Mark Owen-Cooper and Tash Austin, both fifth year medical students at the University of Otago School of Medicine, have been awarded the Pat Farry Rural Health Education Trust Travelling Scholarship and will be spending 12 weeks of their trainee intern electives working overseas.
Owen-Cooper, from Winton, will spend a month working on a mobile surgical bus in New Zealand before heading to Scotland and the United States.
“I am flying to Scotland to do rural GP work in the Shetland Islands – kind of like the Stewart Island of Scotland I guess,” he said.
His time in the United States will be spent in the Appalachians on a wilderness medicine course, where he will receive training on how to provide medical care in wilderness emergency situations.

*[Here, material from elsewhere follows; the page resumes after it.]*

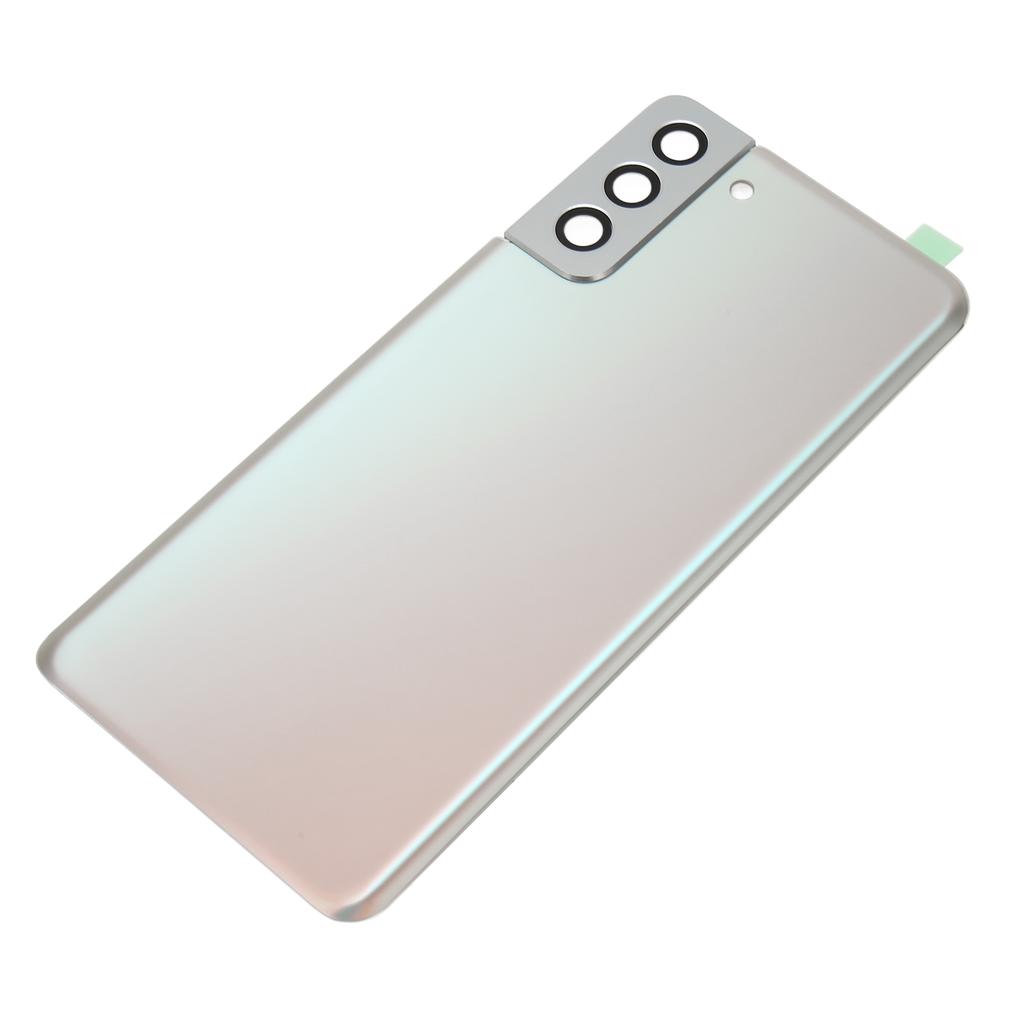 Replacement Back Glass Cover for Samsung Galaxy S21 Plus Rear Glass Door Cover with Pre Installed Camera Lens Silver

Austin, from Invercargill, will head to Vanuatu, before going on to Scotland and Malta.
After her stint in Vanuatu, where she will be working in a hospital on the outlying islands, she will spend time in a rural hospital in Scotland, close to Ben Nevis.
“I am going on to Scotland, to a small 18-bed hospital in the Highlands, and there they service their local population as well as quite a large tourist population,” Austin said.
The final part of her elective will be spent in an 800-bed urban hospital in Malta, where she hopes to experience the difference between an urban and rural hospital setting.
Both students were part of the rural medical immersion programme this year, an initiative started by Pat Farry in 2006.
Austin said that being students the scholarship gave them opportunities that they would not otherwise have been able to enjoy.
“I think it is awesome that Pat Farry has provided an opportunity for medical students to bridge those financial barriers and go off to see the world, which could often be a more expensive place to do your elective, and come back with those rewarding experiences and use them back here,” she said.
Both of them will look to return to Southland Hospital next year to complete their training and hope to stay in the region.
“It is just a random coincidence that both of us are from Southland and that we’re both coming back to do our trainee intern back here next year,” Owen-Cooper said.
Austin said she was attracted to rural medicine because it would allow her to get to know her patients better.
“You are able to form better relationships with your community so when it comes to being a doctor or practising health you have a better understanding of where those people are coming from. I think that is quite important,” she said.
For Owen-Cooper, the allure of rural medicine was the lifestyle balance it could provide.
“For some reason a lot of people don’t want to go rural, while I couldn’t think of anything better,” he said.